La Pinacoteca Ambrosiana nelle memorie del suo fondatore.
A cura di Piero Cigada. Con un commento di Gianfranco Ravasi


Milano, Claudio Gallone editore, 1997

Recensione di Giovanni Mazzaferro

Caravaggio, Canestra di frutta, 1599 circa, Milano, Pinacoteca Ambrosiana
Fonte: user:Lafit86 tramite Wikimedia Commons

Dalla dottrina al gusto personale

Il Musaeum di Federico Borromeo viene pubblicato (in latino) nel 1625, un anno dopo il De pictura sacra. Valgono anche qui le stesse considerazioni fatte nella recensione a quest’ultima opera: la tiratura è limitatissima e l’edizione a stampa può essere considerata come una semplice ‘messa in bella copia’ di materiali precedenti, alcuni dei quali sono stati scartati dal cardinale, ma sono stati recuperati di recente. È il caso di una collazione di note preparatorie rintracciata fra le carte del Borromeo e pubblicata di recente da Alessandro Rovetta [1]. Quando Borromeo scrive il suo volumetto, giuridicamente le opere non gli appartengono più. Nel 1618 le ha donate ufficialmente alla Pinacoteca Ambrosiana, terzo passo di una struttura che il Cardinale è andato delineando sin da dieci anni prima: nel 1607 viene fondata la Biblioteca Ambrosiana (inaugurata nel 1609), nel 1613 si pensa alla creazione di un’Accademia del Disegno (che comincia i suoi corsi – a dire il vero assai brevi - nel 1620), a completare la nascita di un polo didattico ispirato interamente da Borromeo.

Probabilmente anche a causa della tiratura limitatissima, la fortuna del Musaeum è assai scarsa. Lo è ai tempi in cui vive il Cardinale, ma anche successivamente.  Non che manchino riedizioni (1754, 1909, 1987), ma sempre a diffusione limitata, quasi per scelta, come nel caso della pubblicazione del 1987, a cura di Piero Cigada, stampata dall’editore Philobyblon in 130 esemplari numerati e destinata chiaramente a una schiera di bibliofili dal palato fine, più come curiosità che altro. La presente versione riprende quella del 1987 (tant’è che compare la nota al testo di Cigada, aggiornata dal medesimo) e si pone l’obiettivo (solo parzialmente raggiunto) di rivolgersi a un pubblico assai più vasto, arricchendosi anche di una belle introduzione di Mons. Giancarlo Ravasi. Ma il Museaum viene consacrato a livello internazionale solo dall’edizione pubblicata nel 2010 nell’ambito de I Tatti Renaissance Library [2].

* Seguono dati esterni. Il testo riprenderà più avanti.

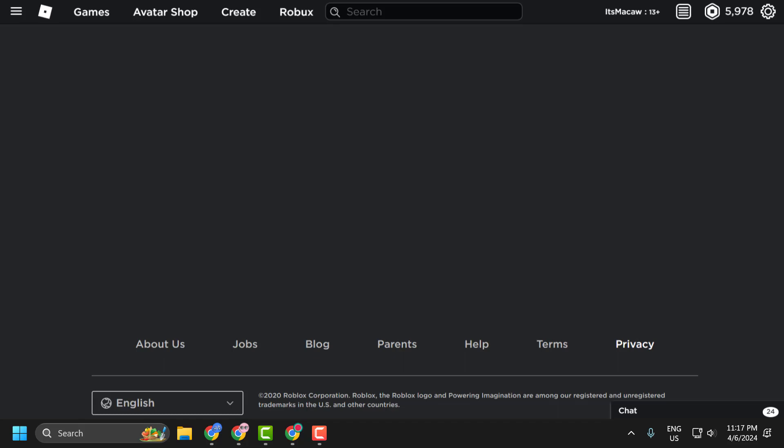Hello guys, welcome to my channel. Today we are going to see how to fix Roblox website not loading problem. Let's fix it.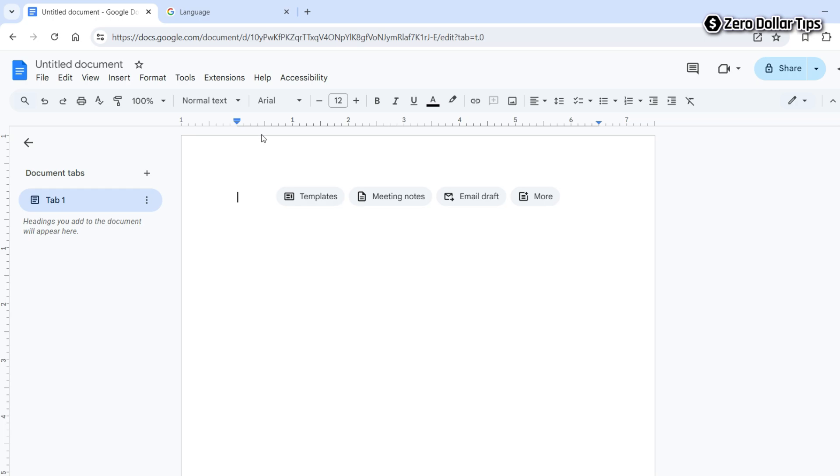The horizontal ruler and vertical ruler are both now in inches. So that's it guys, this is how you can easily change the ruler from centimeters to inches in Google Docs. If you like this video, please subscribe to the channel.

Il Museaum, in realtà, è opera eccezionale per scandagliare i gusti e le capacità critiche del Cardinale, qui ‘libero’ dalle bardature dottrinali del De pictura sacra e in veste di raffinato collezionista. È lo stesso Borromeo a spiegare le motivazioni che stanno alla base dello scritto, proprio all’inizio del testo: “Qualche tempo fa mi trovavo ad ammirare alcuni quadri, modelli e statue che avevo fatto sistemare qualche tempo prima in un’ala della Biblioteca Ambrosiana fatta erigere a questo specifico scopo, quando mi si avvicinarono due persone del mio seguito appassionate d’arte; i due, con una sorta di sospiro, mi fanno: «Non sarebbe un bel lavoro, un lavoro di gran gusto, descrivere con cura in un testo tutte queste testimonianze di arte straordinaria che vediamo raccolte in questa sede?»” (p. 3). L’opera è pensata ad utilità degli allievi dell’Accademia. Lo stesso Borromeo, parlando di alcuni quadri fatte eseguire ad Antonio Mariani copiandoli da originali di Raffaello, scrive: “Se gli allievi vorranno imitarli con cura, sarà esattamente come se avessero davanti agli occhi le opere dello stesso Raffaello. Se però nello studio e specificamente in questa imitazione saranno troppo pigri, attribuiscano a sé stessi [sic] tale colpa” (p. 51).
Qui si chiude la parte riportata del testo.